On Wednesday 26th August 2021 Greg Smith MP delivered a “Tales by the Riverbank” lecture at the University of Buckingham, hosted by Vice Chancellor James Tooley, in which he argued a full return to free market principles is essential to bring about a full and prosperous economic recovery from the Covid-19 pandemic.
The Buckingham MP focused on three key elements - supporting entrepreneurs and disruptors to start-up and build the economy up again; making Britain the most attractive place on earth to do business; and fixing the broken property market by dropping the state interventions that have damaged it so badly. In particular he reflected that state sponsored infrastructure projects such as HS2 would never have seen the light of day if free market principles had been applied, saying the lack of private sector investment or interest in building it should have set alarm bells ringing. Likewise, he made the case as to why ending state intervention in the housing market would let the “invisible hand” of the market determine the real gap between supply and demand ending the need to destroy so much countryside for house building.
After the lecture Greg enjoyed chatting to constituents who had come along to listen and take the debate further.
The full text of Greg’s lecture is below.
Some years, if I’m honest decades, ago, as an enthusiastic young Conservative, I was invited alongside a few friends to dinner at a house in Solihull. Our host, Mike Fisher, the son of one of the most influential chicken farmers in political history, Sir Antony Fisher, was the first to properly introduce me to the works of economists like Hayek and Friedman: more widely classical liberal economics and the intellectual underpinning of the free market.
I’ve always seen politics as a battle of ideas.
It was the ideas I was first exposed to on that evening back in the 1990s that I have studied, tested and explored ever since that sit at the core of my beliefs in the way government and our economy should interact.
It was, of course, Sir Antony Fisher who was one of the founders of the Institute of Economic Affairs - whose country home I am proud to say sits right here at the University of Buckingham – and who remains on the front line of advocacy for free market principles and ideas.
It is my contention tonight that a return to trust in the free market should be our path to economic recovery at home; and as we equally forge new relationships around the world, setting our own trade policy for the first time in decades.
I need not remind anyone in this audience tonight that we are emerging from a pandemic that has changed the world.

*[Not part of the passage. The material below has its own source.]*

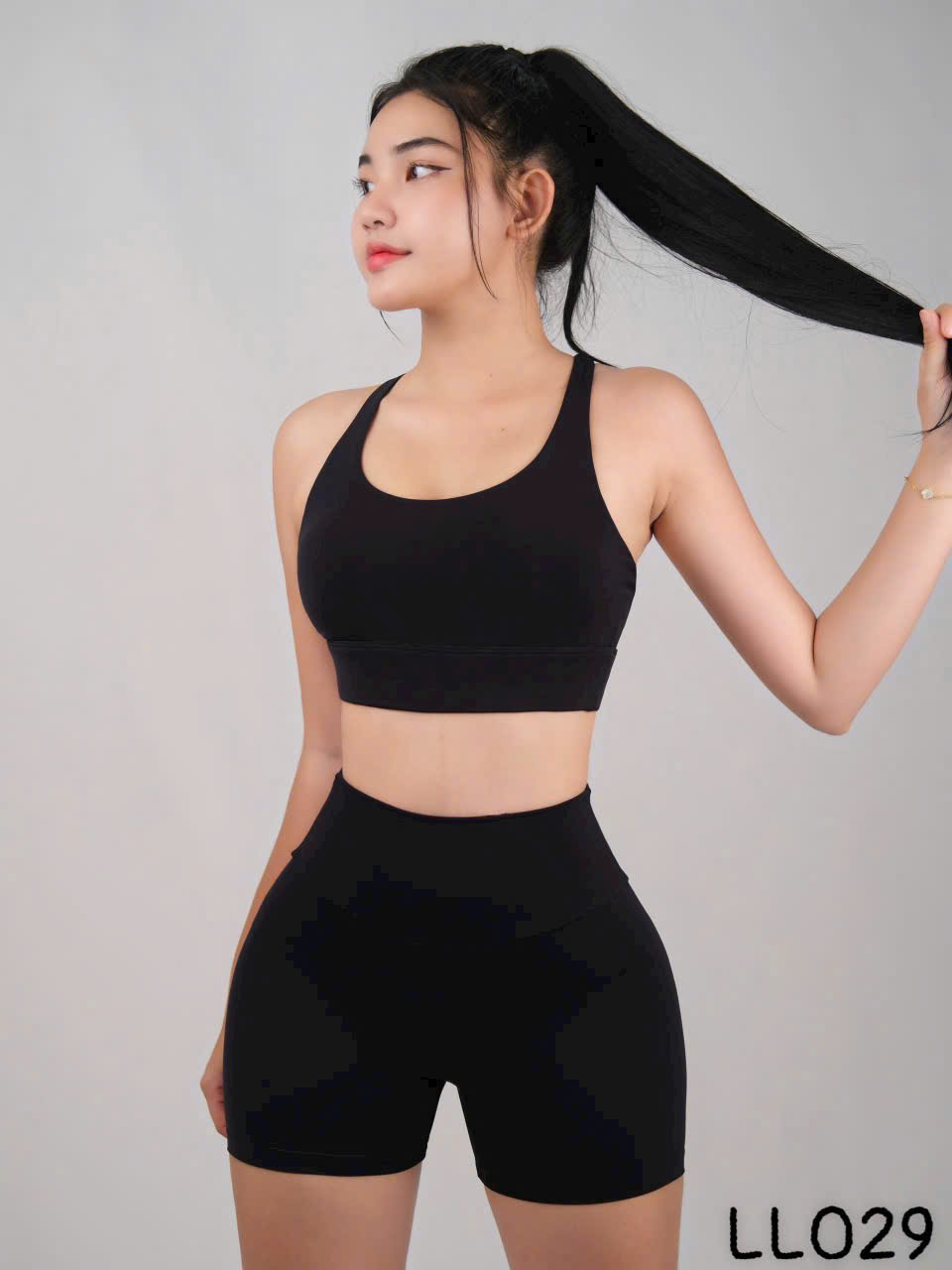 Quần Đùi Thể Thao LuLu Chun Mông, Dáng Ôm Body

Decisions that were taken to control the spread of Coronavirus took us into territory not seen before in peacetime.
Deep state intervention in the economy.
The Treasury borrowing to directly pay people’s wages, deliver grants to businesses, effectively renationalise the railways.
£407bn in national debt.
And I do not present that as a criticism. Hayek himself would have endorsed such state intervention in time of crisis and emergency.
The question: how do we pay it back and more importantly, how do we recover?
How do we ensure the new ‘normal’ is one of prosperity, opportunity and innovation?
And the starting point for that has to be an honest reassessment of what is and what is not the role of the state.
A reminder that there is no such thing as public money, only taxpayers’ money.
Margaret Thatcher once famously said: “The problem with Socialism, is that you eventually run out of other people’s money.”
That must always be coupled with the difficult, but indisputable truth across the ages - as President Reagan, in his own wonderful style, described - that: “Government is like a baby. An alimentary canal with a big appetite at one end and no sense of responsibility at the other.”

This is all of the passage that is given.